Building the user interface went OK, but how do I add and remove items from the list? I have got as far as figuring out that I need to type the right magic into the OnSelect property of a button:


I will let you know when I have worked out what to do next. I will observe that the environment is geared towards data binding, rather than directly updating the user interface, and remote data, such as binding to tables in Azure Mobile Services, a REST API, an RSS feed or a SharePoint list. However you can also bind to an Excel spreadsheet for local data.

Unfortunately there is no “Run” button. You can preview your Siena app by pressing F5 or tapping the Run button in the top app bar.

To deploy your Siena app, you hit Publish:


This creates a package of files, including InstallApp.exe. Siena generates HTML and JavaScript so you can learn a lot about the environment by poking around in the generated files.


Run InstallApp.exe and the app installs into your local PC. Mine runs fine, it just does not work yet.

Siena, as is usual for this type of release, suffers from lack of documentation.

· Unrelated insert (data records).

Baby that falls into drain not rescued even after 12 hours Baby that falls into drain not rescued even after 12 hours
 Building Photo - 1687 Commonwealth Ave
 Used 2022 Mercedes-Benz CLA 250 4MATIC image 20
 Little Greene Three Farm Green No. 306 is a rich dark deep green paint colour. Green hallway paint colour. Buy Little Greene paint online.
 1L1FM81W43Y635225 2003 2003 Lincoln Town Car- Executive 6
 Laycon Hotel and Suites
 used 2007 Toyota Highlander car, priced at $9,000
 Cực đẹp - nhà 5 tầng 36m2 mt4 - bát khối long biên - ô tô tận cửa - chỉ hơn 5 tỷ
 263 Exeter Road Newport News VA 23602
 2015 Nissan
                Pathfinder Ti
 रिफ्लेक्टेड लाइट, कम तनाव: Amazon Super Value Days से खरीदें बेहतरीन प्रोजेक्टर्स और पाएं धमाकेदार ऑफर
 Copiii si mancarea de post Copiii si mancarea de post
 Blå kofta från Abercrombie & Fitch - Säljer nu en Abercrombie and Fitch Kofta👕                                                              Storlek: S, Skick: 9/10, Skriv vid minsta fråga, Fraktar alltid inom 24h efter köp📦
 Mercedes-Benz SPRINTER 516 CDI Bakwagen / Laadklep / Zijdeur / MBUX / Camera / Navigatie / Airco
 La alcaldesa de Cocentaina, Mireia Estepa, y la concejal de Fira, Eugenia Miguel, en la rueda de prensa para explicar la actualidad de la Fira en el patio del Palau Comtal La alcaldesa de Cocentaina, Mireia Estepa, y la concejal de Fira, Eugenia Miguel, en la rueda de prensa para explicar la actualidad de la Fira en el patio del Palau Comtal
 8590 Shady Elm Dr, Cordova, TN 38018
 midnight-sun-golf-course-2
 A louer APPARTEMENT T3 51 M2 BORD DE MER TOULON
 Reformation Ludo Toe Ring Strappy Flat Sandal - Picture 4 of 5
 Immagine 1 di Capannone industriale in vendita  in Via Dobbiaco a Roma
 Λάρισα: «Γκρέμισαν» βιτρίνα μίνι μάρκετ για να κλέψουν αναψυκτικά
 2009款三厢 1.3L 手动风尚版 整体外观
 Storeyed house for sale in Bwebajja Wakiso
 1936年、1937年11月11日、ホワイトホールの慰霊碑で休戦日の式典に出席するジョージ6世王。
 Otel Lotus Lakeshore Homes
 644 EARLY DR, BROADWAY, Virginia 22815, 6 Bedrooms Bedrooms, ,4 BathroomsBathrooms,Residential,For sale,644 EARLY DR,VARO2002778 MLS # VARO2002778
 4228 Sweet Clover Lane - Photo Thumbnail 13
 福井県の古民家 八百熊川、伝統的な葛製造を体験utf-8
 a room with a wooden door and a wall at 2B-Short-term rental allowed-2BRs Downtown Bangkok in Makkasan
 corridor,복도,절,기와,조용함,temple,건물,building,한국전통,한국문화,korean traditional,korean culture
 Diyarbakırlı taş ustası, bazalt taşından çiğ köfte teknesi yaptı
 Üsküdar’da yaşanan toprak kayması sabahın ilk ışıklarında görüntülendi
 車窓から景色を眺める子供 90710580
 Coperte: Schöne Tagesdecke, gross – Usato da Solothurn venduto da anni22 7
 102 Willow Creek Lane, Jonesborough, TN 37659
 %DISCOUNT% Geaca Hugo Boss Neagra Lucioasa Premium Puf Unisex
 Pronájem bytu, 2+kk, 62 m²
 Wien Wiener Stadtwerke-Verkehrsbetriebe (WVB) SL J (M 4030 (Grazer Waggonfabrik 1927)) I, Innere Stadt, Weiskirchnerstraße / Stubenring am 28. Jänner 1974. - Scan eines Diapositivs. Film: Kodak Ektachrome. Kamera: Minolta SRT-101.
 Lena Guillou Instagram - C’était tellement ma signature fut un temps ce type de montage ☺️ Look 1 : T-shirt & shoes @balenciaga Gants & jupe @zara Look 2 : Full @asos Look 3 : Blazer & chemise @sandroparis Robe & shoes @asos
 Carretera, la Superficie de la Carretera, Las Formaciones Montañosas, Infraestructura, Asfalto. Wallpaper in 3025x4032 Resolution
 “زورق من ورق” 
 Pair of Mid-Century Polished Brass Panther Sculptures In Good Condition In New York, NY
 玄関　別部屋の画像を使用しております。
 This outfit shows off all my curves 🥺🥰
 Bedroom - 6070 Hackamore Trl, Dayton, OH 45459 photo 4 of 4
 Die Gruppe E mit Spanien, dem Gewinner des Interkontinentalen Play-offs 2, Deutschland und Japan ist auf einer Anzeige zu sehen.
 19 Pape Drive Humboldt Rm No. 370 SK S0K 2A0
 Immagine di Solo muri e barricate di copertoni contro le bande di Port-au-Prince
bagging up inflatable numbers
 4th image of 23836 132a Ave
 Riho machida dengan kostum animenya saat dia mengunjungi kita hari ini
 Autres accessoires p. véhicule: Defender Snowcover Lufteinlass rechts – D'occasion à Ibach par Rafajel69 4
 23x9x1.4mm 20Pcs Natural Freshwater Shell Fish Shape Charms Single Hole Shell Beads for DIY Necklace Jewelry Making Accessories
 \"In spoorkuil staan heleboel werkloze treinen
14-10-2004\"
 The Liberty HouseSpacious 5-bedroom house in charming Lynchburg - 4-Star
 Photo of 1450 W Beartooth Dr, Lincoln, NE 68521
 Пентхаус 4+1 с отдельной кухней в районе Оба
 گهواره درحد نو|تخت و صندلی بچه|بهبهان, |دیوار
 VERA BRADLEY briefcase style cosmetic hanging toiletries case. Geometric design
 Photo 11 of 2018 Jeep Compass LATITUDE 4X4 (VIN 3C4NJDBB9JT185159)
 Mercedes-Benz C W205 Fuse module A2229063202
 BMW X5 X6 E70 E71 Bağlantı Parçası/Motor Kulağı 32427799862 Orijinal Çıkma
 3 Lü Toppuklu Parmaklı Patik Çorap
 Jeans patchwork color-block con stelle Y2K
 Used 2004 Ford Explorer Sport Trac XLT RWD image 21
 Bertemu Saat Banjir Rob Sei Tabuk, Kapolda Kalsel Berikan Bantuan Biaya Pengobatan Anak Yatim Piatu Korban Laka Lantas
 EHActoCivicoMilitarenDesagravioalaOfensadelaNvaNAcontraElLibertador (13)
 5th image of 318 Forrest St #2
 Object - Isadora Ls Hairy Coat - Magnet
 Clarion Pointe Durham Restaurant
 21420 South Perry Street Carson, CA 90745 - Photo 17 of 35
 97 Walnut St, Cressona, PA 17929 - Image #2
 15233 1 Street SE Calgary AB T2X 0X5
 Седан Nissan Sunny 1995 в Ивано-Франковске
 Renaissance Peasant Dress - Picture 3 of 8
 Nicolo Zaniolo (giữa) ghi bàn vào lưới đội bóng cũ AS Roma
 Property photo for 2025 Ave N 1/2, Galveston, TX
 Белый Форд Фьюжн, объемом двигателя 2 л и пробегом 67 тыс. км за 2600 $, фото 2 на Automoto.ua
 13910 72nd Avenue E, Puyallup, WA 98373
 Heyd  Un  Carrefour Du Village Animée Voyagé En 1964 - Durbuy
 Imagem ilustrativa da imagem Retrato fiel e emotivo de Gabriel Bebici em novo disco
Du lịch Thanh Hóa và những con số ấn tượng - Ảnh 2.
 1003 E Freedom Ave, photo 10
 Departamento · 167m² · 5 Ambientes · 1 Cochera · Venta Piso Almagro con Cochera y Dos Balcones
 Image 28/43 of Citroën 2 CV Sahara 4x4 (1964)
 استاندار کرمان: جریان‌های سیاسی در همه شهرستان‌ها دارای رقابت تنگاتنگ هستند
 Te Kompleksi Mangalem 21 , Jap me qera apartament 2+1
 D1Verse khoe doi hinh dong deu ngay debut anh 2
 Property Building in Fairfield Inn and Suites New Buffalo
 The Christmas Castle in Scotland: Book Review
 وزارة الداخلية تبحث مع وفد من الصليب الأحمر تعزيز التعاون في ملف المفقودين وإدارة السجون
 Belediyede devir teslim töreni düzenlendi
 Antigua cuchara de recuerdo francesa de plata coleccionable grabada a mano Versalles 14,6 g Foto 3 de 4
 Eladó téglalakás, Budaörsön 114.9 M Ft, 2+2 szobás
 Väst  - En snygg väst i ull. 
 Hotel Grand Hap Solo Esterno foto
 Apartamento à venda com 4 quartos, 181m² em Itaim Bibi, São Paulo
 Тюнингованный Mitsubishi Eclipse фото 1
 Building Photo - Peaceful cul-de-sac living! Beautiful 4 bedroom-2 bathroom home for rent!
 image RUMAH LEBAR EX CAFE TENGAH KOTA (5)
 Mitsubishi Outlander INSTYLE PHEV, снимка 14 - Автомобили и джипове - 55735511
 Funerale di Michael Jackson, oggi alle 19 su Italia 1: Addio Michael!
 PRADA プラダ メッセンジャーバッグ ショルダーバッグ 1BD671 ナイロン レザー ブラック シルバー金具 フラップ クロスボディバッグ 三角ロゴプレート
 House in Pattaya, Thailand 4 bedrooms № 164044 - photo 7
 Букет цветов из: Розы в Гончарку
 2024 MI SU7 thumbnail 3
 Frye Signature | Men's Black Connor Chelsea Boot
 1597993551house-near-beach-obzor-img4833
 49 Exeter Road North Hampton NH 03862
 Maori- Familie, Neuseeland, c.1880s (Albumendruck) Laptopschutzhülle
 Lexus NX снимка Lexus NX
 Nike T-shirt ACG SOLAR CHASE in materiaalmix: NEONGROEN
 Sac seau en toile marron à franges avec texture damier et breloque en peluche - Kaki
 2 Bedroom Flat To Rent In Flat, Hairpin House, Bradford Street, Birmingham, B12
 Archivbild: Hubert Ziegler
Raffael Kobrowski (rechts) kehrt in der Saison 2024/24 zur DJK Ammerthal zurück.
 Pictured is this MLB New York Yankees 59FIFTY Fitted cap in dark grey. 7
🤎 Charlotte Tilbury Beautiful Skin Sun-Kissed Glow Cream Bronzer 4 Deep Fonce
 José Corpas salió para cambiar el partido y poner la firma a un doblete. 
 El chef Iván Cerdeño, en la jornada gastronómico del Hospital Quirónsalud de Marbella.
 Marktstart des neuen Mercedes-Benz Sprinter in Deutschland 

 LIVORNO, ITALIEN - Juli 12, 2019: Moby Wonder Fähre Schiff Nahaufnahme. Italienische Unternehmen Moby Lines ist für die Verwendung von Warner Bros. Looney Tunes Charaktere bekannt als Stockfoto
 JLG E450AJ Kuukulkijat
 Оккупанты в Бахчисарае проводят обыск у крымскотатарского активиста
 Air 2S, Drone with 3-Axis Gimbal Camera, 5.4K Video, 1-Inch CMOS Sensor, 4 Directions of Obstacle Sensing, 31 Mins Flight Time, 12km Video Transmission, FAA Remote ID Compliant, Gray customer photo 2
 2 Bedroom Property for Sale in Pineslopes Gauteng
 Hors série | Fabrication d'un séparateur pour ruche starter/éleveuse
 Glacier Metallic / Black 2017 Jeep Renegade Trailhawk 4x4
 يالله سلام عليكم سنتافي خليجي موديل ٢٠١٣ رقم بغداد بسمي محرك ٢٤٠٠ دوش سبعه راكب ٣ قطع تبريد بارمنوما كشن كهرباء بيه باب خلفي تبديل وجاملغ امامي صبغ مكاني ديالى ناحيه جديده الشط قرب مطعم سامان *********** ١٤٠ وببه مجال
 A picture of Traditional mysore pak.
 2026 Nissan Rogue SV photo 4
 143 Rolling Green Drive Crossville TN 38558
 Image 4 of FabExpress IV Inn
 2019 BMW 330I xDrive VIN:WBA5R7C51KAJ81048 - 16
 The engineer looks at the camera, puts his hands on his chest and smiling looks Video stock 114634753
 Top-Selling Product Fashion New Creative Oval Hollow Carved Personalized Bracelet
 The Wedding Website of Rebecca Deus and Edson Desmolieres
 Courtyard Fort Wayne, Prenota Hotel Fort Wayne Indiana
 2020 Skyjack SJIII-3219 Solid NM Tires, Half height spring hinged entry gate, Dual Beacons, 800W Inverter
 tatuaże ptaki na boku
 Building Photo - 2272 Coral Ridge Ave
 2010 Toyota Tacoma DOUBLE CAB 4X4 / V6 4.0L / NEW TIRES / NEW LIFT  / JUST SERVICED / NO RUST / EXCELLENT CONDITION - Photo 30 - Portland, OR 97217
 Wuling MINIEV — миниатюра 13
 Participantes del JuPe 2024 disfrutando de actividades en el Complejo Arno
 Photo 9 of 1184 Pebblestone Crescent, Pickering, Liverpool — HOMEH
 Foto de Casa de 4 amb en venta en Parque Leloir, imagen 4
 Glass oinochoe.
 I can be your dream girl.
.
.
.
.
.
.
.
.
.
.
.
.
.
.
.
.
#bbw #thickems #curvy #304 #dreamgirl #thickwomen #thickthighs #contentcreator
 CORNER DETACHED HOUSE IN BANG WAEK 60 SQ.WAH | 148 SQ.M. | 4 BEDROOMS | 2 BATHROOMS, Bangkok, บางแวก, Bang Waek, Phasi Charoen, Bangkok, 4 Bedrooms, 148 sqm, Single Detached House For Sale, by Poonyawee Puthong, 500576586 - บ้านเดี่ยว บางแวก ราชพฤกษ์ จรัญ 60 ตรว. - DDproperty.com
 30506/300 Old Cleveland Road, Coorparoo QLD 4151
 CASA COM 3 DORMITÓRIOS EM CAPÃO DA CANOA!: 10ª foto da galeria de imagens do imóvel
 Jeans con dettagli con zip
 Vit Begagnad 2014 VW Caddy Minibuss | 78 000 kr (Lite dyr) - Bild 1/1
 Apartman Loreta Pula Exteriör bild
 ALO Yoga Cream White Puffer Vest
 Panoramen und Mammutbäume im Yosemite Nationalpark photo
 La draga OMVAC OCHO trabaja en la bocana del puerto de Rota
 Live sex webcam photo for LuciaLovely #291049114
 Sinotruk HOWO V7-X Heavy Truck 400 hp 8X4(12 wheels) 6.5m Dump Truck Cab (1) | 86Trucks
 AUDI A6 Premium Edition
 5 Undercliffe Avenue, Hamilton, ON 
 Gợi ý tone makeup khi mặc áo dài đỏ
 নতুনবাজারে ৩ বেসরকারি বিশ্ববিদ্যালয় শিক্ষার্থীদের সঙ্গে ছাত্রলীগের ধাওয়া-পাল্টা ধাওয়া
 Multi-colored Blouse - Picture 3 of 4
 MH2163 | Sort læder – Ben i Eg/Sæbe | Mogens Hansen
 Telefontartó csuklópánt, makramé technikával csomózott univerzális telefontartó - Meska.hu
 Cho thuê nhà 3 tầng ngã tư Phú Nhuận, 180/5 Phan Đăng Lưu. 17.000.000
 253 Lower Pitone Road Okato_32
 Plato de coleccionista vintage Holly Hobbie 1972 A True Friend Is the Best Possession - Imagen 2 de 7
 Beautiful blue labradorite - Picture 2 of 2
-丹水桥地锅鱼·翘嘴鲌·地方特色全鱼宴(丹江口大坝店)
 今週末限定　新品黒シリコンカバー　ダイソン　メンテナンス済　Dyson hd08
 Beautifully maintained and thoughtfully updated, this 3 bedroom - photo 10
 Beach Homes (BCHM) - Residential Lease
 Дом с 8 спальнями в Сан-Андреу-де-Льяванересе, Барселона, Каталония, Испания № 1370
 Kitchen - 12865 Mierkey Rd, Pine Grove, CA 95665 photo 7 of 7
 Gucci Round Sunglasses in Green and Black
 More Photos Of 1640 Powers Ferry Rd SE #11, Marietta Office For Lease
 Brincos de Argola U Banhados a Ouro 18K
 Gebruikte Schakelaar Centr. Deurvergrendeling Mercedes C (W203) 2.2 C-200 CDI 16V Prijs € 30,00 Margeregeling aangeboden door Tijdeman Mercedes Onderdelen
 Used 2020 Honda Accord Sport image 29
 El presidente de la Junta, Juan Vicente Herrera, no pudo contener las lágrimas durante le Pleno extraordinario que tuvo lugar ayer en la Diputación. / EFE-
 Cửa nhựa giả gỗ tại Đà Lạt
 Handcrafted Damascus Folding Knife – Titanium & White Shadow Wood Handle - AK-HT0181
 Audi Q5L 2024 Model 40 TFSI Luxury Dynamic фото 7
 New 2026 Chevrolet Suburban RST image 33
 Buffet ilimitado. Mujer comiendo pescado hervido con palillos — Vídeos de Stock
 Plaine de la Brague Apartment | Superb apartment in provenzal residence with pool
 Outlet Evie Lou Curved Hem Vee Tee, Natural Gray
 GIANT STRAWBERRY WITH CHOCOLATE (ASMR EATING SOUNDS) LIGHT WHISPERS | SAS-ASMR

There is a function reference and a few sketchy help topics. There are also some sample apps. Here is what the Personnel Manager has in the OnSelect of its Add button; perhaps this is a clue:

UpdateIf(Assoc,ID = ThisItem!ID,{AssignedTo:SelectedDepartment, Time:Now()}); RemoveIf(SelectedAssociates, ID = ThisItem!ID)

While it is great to have a genuinely easy visual interface builder, the development features of Visual Studio are greatly missed; the code editor as far as I can tell is limited to a single line in a text input field, though you do get a squiggly underline if you do it wrong, and a bit of code completion.

How is the average “business expert, business analyst, consultant, and other app imagineer” going to get on with Project Siena? That is the question; and in the current preview I’d guess they will be flummoxed and go straight back to Excel or Access, though I would love to be proved wrong.

It looks like a lot of work has gone into this though, and no doubt better documentation and enhanced features are on the way.